Training microrobots to swim by a large language model
Zhuoqun Xu, Lailai Zhu
TL;DR
This study demonstrates that GPT-4 can learn efficient, non-reciprocal swimming gaits for microrobots in viscous, low-$Re$ environments by using a minimal five-sentence in-context prompt. The approach enables two archetypal microswimmers, Purcell's three-link swimmer and Najafi-Golestanian's three-sphere swimmer, to acquire their signature strokes under Stokes flow, with explicit handling of the governing equations $\nabla \cdot \mathbf{u} = 0$ and $\mu \nabla^2 \mathbf{u} = \nabla p$. Compared with traditional $Q$-learning, the LLM-driven method achieves learning with far fewer samples and lower technical debt, e.g., RL requiring ~12 steps for the Purcell swimmer and ~40 for NG. To control costs and improve reliability, the authors introduce a history-clearing scheme, discrete action encoding via input transformation, and alias-based prompt compression, while operating at zero temperature for determinism; they also discuss robustness to noise and outline future directions toward continuous actions, complex environments, and cooperative microrobotic swimming.
Abstract
Machine learning and artificial intelligence have recently represented a popular paradigm for designing and optimizing robotic systems across various scales. Recent studies have showcased the innovative application of large language models (LLMs) in industrial control [1] and in directing legged walking robots [2]. In this study, we utilize an LLM, GPT-4, to train two prototypical microrobots for swimming in viscous fluids. Adopting a few-shot learning approach, we develop a minimal, unified prompt composed of only five sentences. The same concise prompt successfully guides two distinct articulated microrobots -- the three-link swimmer and the three-sphere swimmer -- in mastering their signature strokes.

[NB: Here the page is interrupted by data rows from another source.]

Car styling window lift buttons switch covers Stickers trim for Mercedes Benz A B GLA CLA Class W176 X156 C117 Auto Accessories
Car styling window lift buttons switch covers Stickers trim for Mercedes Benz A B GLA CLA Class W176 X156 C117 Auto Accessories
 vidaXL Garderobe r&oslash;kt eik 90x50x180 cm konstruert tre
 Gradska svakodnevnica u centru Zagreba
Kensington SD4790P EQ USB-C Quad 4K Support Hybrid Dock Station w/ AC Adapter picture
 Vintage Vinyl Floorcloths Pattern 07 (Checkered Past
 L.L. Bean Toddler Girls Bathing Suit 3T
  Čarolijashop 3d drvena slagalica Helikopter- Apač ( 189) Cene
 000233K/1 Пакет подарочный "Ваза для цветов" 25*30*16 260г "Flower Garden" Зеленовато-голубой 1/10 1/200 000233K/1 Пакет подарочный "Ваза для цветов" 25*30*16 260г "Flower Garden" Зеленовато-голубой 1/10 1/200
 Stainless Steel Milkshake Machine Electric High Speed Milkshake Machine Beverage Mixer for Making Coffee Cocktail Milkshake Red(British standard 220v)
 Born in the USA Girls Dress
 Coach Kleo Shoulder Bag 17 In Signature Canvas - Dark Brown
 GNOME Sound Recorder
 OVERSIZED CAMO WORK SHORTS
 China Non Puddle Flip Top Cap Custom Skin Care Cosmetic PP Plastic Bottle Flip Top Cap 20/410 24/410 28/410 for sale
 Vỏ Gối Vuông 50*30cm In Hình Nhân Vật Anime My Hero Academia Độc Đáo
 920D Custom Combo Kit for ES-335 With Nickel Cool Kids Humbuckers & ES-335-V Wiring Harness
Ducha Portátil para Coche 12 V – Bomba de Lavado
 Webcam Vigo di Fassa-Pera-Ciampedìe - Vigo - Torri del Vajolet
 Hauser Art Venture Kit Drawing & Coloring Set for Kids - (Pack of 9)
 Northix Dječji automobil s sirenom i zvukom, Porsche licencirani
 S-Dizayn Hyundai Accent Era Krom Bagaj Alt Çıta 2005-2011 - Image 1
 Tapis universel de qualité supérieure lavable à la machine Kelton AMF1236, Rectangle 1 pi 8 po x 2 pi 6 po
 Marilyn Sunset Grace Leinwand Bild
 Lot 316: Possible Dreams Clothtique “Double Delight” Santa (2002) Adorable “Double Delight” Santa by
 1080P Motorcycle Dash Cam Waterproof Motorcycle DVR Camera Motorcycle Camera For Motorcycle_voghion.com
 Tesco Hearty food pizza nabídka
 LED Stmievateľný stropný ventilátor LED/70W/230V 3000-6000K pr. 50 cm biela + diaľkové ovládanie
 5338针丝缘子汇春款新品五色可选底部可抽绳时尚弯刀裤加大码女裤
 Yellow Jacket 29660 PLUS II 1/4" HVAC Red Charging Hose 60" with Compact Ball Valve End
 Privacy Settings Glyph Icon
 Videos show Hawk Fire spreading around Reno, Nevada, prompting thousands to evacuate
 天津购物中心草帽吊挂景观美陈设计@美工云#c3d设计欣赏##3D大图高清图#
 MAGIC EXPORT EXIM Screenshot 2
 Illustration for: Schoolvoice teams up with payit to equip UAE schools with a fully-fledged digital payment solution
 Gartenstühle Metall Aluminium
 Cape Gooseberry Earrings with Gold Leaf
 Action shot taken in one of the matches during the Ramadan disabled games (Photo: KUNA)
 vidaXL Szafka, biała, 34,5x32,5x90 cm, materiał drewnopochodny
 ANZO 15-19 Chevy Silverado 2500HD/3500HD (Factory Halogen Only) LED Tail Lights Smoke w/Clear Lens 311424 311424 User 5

These strokes, initially conceptualized by physicists, are now effectively interpreted and applied by the LLM, enabling the microrobots to circumvent the physical constraints inherent to micro-locomotion. Remarkably, our LLM-based decision-making strategy substantially surpasses a traditional reinforcement learning method in terms of training speed. We discuss the nuanced aspects of prompt design, particularly emphasizing the reduction of monetary expenses of using GPT-4.